ルイの邸宅に住むようになって、すっかりルイとの生活にも慣れたユーシーだったが。
「なんでだよ! ルイのバカ! バーカ!」
ユーシーが珍しく声を荒げたのは、すっかり寒くなった冬の始まりのある朝だった。
原因は、ルイだった。
ギュスターヴのパーティーが終わってからというもの、ルイは仕事が忙しくなり、ユーシーに構ってくれることが減った。
ここひと月ほどは、毎日とまではいかないが家を空けることの方が多く、まともにセックスしたのは片手で数えるほどだ。
仕事が忙しいのはわかる。石油王ルーは多忙だ。あちこちに出かけることも多い。だけど今まで毎日のように構ってくれていたルイが触ってもくれないのは悲しかった。
昨夜はせっかくいい雰囲気になったのに、ルイは途中で寝てしまった。渋々寝たユーシーが起きると、もう隣にルイの姿はない。
仕事の邪魔をしたいわけではなかったが、このところのルイはベッドに入ってもすぐに寝てしまうし、出かけて帰ってこない日もあった。
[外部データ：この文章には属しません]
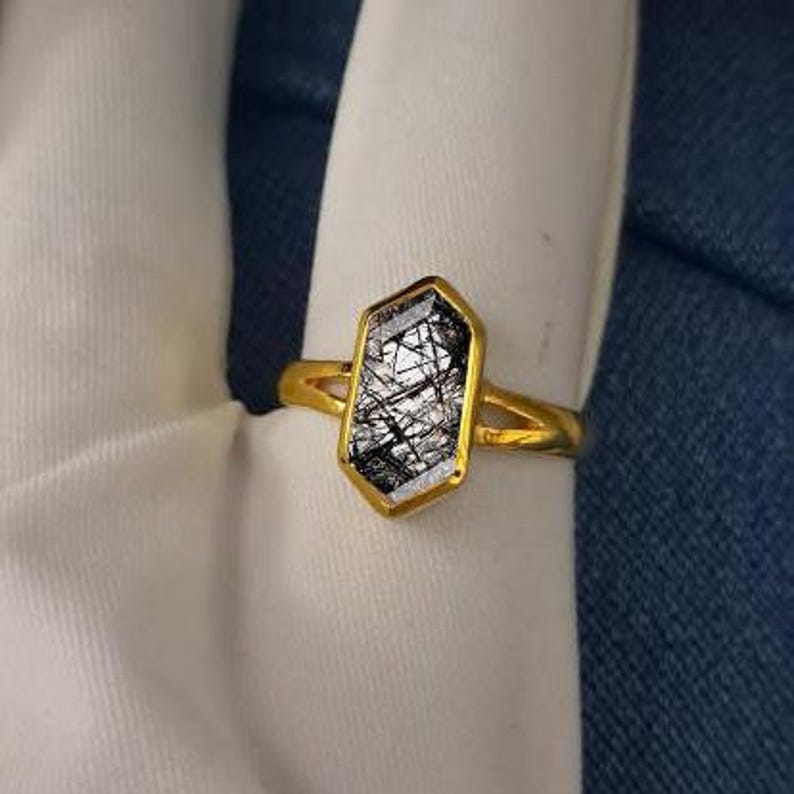 Hexagon Black Rutile Birthstone Ring in Solid 14K Yellow Gold – Stacking Wedding Statement Ring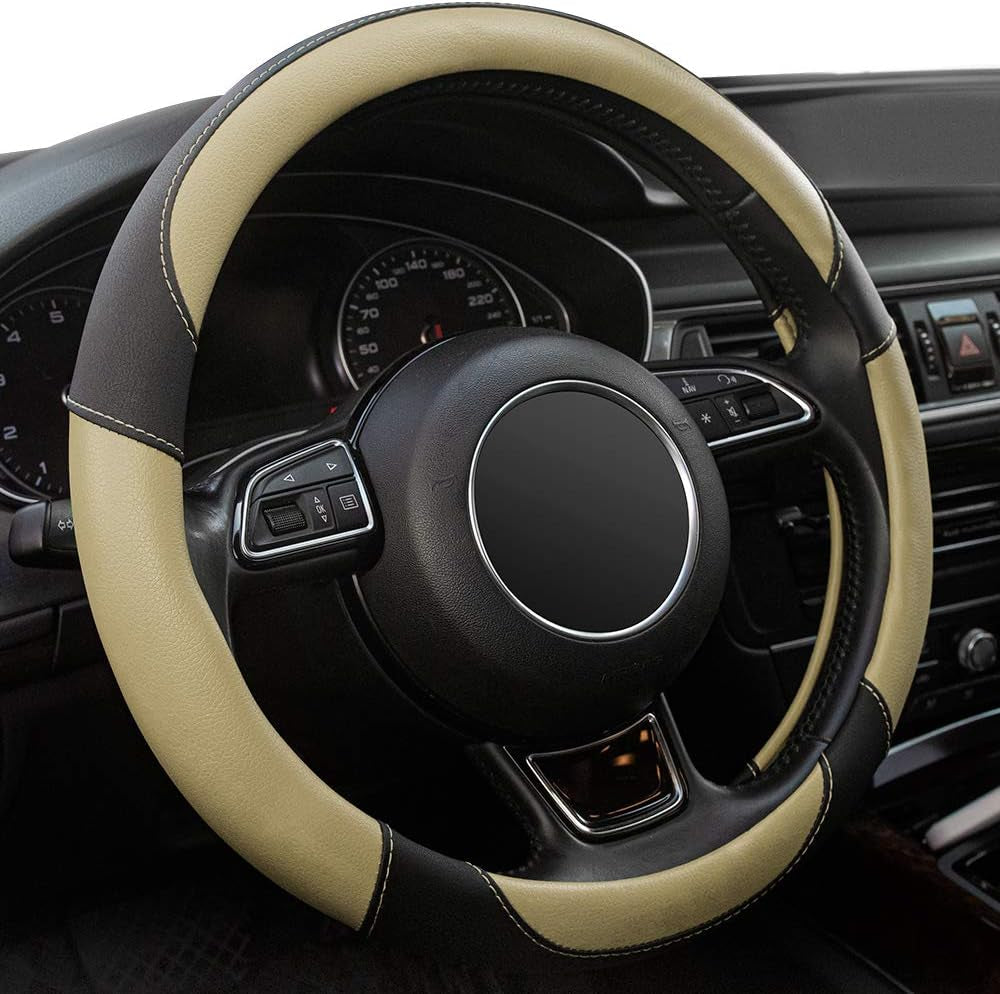 Universal Car Steering Wheel Cover Breathable Anti-Slip, 15 Inch Microfiber Leather Auto Steering Wheel Cover for Car Truck SUV Classic Beige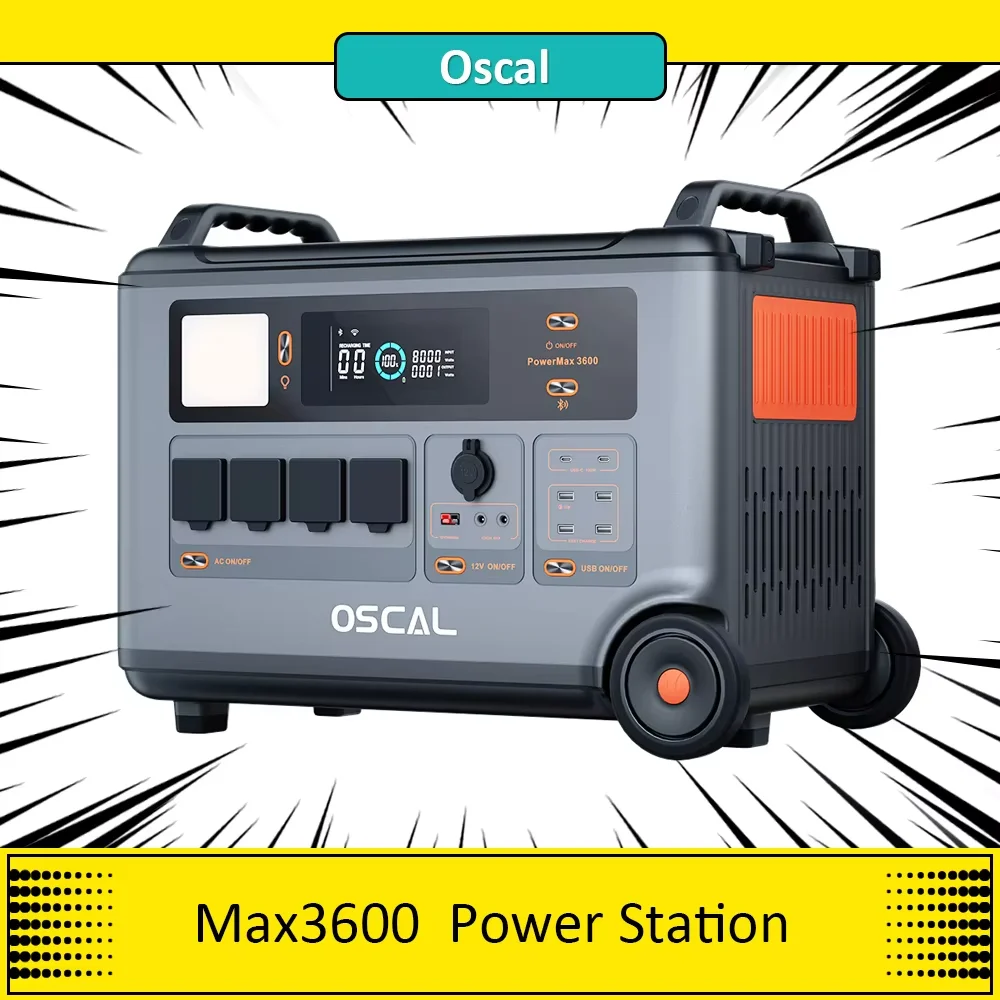 Blackview Oscal PowerMax 3600 Rugged Power Station, 3600Wh to 57600Wh LiFePO4 Battery, 14 Outlets, 5 LED Light Modes, Morse Code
顔を合わせればキスをして愛を囁いてはくれるが、ユーシーにはそれだけでは物足りなかった。
ルイの執務室を飛び出したユーシーはリビングのアダムのもとに向かった。
階段を駆け降りた先で、アダムは掃除をしていた。ユーシーの声を聞いていたのだろう。どこか心配そうな顔でユーシーを見る。
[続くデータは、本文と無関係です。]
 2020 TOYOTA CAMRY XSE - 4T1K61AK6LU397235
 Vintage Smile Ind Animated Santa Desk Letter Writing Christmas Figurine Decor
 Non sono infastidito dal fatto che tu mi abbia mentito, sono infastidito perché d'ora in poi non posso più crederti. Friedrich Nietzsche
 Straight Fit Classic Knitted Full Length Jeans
「アダム、ルイが構ってくれないんだけど、どうしたらいい?」
「仕事とはいえ、あなたをほったらかしにするのは感心できませんね。いなくなったらどうなるか、教えてやってもいいのでは?」
こんなとき、アダムの言葉は心強い。ユーシーより長くルイのそばにいるアダムは、きっとユーシーよりもずっとルイのことを知っている。
「どういうこと?」
「香港に、帰るんですよ」
「香港に?」
「たまには、家族に会うのもいいものですよ」
家族と言われて真っ先に浮かぶのはジンの姿だ。それもいいかもしれない。ジンの驚く顔が脳裏に浮かんでユーシーは頬を緩めた。
「そっか、そうだな、そうする」
「飛行機のチケットは買えますか?」
「ん、やったことないけど、空港でできる?」
「ええ。今からなら、上手くいけば昼頃の便に乗れますよ」
「行ってくる」
「ユーシー、念のため電話は忘れずに持っていってください。あとはパスポートとカードと現金があれば、なんとかなります」
アダムはユーシーのパスポートを出してくれた。
「ありがとう、アダム」
ユーシーは部屋に戻って支度をする。支度と言っても、リュックに財布と少しの着替えを入れるくらいだ。とても海外に向かうとは思えない軽装で、ユーシーは玄関に向かった。
「あなたのご家族にもよろしくお伝えください」
「ん、お土産買ってくるよ」
笑みを残して、ユーシーは家を飛び出した。初めての一人旅だ。ユーシーは通りに出ると近くの駅のタクシー乗り場を探した。
ユーシーの初めての一人旅の始まりだった。
空港では、スタッフに尋ねたらすぐだった。席も空きはあって、ユーシーは難なく香港行きの航空券を手にすることができた。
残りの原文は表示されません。